To find out the equilibrium constant, Kc, for the reaction below, using acid hydrolysis:
CH3COOC2H5 + H2O⇌ CH3COOH + C2H5OH
although the hydolysis of ethyl ethanoate is very slow, by using dilute hydrochloric acid as catalyst which can be used to alter the time required to reach the equilibrium as the catalyst increases both the forward and backward reaction to the same extent,the above equilibrium can be attained in 48 hours. After 48 hours, the reaction mixture can then be titrated with standard sodium hydroxide solution. Finally the equilibrium concentration of four components below and hence, Kc,, of hydrolysis of CH3COOC2H5 can then be calculated by the equilibrium law:
The experiment can be divided into two parts:
In part A: mixtures containing different proportions of the two reactants are added with a fixed amount of dilute hydrochloric acid as a catalyst.
In part B: after the mixtures have reached equilibrium at room temperature, each one is titrated with sodium hydroxide.
Concentration of CH3COOC2H5
Concentration of NaOH
volume of HCl added
same electronic balance
volume of CH3COOC2H5 added
Volume of water added
The volume of NaOH
Ethyl ethanoate –General Hazards
Keep the liquid away from naked flame
Keep the stopper on the bottle as much as possible
Hydrochloric acid –General Hazards
wear gloves and safety googles
Sodium hydroxide –General Hazards
wear gloves and safety googles
Special Handling Information
Eye protection (safety goggles) must be worn at all times.
Avoid skin contact with the chemicals
Apparatus and Reagents Used (Part A)
10 specimen tubes with well-fitting caps
Labels for tubes and stoppers
Access to a balance
Pipette, 5 cm3, and safety filler
Dilute hydrochloric acid, 2M HCl
2 measuring cylinders, 10 cm3
Ethyl ethanoate, CH3COOC2H5
Procedures 🙁 PART A)
Ten specimen tubes were labeled with 1a, 1b, 1c, 1d, 2a, 2b, 3a, 3b, 4a, 4b. the stoppers were labeled too, so that they do not get misplaced.
each tube is weight, with its stopper, and the masses are recorded in a copy of Results table 1
A pipette and safety filler are used, 5 cm3 of 2Mhydrochloric acid is carefully added to each tube, the stoppers are replaced.
Each stoppered tube is weight and the masses are recorded.
A dry measuring cylinder is selected, and is used to add to tubes 2a,2b,3a,3b,4a,4b the volumes of ethyl ethanoate shown in results table 1, the stoppers are replaced.
The stoppered tubes 2a,2b,3a,3b,4a,4b.

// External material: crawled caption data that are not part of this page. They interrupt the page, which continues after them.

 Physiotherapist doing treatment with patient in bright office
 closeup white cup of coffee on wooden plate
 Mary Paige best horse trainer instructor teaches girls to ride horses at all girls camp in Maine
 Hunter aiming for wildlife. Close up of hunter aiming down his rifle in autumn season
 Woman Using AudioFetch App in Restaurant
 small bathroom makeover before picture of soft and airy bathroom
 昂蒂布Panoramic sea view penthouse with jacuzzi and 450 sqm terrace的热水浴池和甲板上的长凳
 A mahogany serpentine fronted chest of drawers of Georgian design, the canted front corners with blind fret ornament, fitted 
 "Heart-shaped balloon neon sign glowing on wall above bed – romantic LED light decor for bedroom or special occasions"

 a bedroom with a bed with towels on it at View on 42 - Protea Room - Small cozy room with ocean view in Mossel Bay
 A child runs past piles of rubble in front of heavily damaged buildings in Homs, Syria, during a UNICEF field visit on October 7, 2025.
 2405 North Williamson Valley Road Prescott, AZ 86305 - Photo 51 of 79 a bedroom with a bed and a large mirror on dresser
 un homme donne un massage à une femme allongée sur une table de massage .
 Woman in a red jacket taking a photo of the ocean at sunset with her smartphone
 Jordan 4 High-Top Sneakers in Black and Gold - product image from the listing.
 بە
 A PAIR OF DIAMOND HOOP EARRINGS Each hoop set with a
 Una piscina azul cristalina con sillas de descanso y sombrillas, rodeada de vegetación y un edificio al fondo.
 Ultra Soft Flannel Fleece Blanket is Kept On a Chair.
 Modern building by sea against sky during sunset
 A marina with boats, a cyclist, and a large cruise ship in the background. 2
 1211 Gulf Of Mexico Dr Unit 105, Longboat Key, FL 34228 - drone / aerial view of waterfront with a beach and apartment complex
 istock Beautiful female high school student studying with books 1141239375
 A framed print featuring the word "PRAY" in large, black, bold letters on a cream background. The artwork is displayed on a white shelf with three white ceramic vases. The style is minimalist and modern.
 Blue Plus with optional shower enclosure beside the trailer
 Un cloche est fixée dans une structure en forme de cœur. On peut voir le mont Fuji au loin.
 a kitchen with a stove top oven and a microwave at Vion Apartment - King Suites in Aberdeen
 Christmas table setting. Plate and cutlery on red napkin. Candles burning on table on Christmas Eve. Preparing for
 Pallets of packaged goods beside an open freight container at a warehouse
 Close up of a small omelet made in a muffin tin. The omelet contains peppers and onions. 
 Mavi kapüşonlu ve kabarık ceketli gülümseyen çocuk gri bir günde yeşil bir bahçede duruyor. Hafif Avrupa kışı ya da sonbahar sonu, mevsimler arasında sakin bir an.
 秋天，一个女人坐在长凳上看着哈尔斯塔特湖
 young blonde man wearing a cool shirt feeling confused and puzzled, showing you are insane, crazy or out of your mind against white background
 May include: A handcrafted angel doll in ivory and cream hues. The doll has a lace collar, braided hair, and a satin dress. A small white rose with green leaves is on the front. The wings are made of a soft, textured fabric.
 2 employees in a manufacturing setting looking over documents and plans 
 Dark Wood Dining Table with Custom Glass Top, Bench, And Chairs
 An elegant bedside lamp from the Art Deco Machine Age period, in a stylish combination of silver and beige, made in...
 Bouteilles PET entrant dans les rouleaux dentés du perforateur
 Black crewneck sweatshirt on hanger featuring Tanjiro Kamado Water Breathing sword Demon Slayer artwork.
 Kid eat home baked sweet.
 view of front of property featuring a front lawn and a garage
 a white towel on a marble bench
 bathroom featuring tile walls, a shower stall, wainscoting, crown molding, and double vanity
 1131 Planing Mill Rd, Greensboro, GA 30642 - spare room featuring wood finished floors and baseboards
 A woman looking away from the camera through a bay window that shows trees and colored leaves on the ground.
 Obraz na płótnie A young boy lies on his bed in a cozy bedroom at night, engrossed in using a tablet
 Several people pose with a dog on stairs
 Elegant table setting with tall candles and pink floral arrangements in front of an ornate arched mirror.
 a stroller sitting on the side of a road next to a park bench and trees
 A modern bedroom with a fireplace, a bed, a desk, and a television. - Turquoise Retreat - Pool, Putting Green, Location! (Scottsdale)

The masses are recorded.
a second measuring cylinder is used to add to tubes 3a,3b,4a,4b the volumes of distilled water shown in results table 1, the stoppers are replaced.
The stoppered tubes 3a,3b,4a,4b is weight. The masses are recorded.
the tubes are shaken gently and are set aside for at least 48 hours.during this time, the tubes are shaken occasionally.
Results Table 1
Mass of empty tube /g
Volume of HCl(aq) added /cm3
Mass of tube after addition /g
Volume of ethyl ethanoate added /cm3
Mass of tube after addition /g
Volume of water added /cm3
Mass of tube after addition /g
Mass of ethyl ethanoate added /g
Mass of HCl(aq) added /g
Mass of water added /g
Apparatus and Reagents Used (Part B)
5 conical flasks,250 cm3
Wash-bottle of distilled water
Burette, stand and white tile
Sodium hydroxide solution,1M NaOH(standardised)
Procedures :(PART B)
A burette is rinsed and filled with standardized sodium hydroxide solution.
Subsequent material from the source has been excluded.